SQL - Recursive CTE with Examples
A Common Table Expression (CTE) is a temporary named result set that exists only for the duration of a single query. Think of it as a disposable view that makes complex queries readable and...
Key Insights
- Recursive CTEs follow a simple pattern: an anchor query that starts the recursion, UNION ALL, and a recursive query that references itself—master this structure and you can traverse any hierarchical data.
- The most practical applications are organizational hierarchies, bill of materials explosions, and generating date/number sequences without relying on database-specific functions.
- Always set MAXRECURSION limits and include termination conditions in your recursive member to prevent runaway queries that consume server resources.
What Are Common Table Expressions?
A Common Table Expression (CTE) is a temporary named result set that exists only for the duration of a single query. Think of it as a disposable view that makes complex queries readable and maintainable.
Before diving into recursion, let’s establish the basic syntax. Here’s a subquery approach versus a CTE for the same logic:
-- Subquery approach: harder to read, especially when nested
SELECT department_name, avg_salary
FROM (
SELECT department_id, AVG(salary) as avg_salary
FROM employees
GROUP BY department_id
) dept_salaries
JOIN departments d ON d.id = dept_salaries.department_id
WHERE avg_salary > 75000;
-- CTE approach: logic flows top to bottom
WITH dept_salaries AS (
SELECT department_id, AVG(salary) as avg_salary
FROM employees
GROUP BY department_id
)
SELECT department_name, avg_salary
FROM dept_salaries
JOIN departments d ON d.id = dept_salaries.department_id
WHERE avg_salary > 75000;
The CTE version reads like a story: first calculate department salaries, then join and filter.
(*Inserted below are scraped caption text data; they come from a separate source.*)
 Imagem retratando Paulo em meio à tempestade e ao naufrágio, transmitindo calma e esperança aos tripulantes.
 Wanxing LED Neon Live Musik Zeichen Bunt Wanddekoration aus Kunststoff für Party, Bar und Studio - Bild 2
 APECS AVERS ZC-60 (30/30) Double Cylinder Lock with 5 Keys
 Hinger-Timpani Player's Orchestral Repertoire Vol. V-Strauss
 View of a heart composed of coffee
This becomes crucial when you need to reference the same derived table multiple times or when building recursive queries.
Anatomy of a Recursive CTE
A recursive CTE has three components that execute in a specific order:
- Anchor member: The initial query that provides the base result set (no self-reference)
- UNION ALL: Combines anchor results with recursive results
- Recursive member: References the CTE itself, processing rows from the previous iteration
The database executes the anchor first, then repeatedly executes the recursive member using the previous iteration’s results until no new rows are returned.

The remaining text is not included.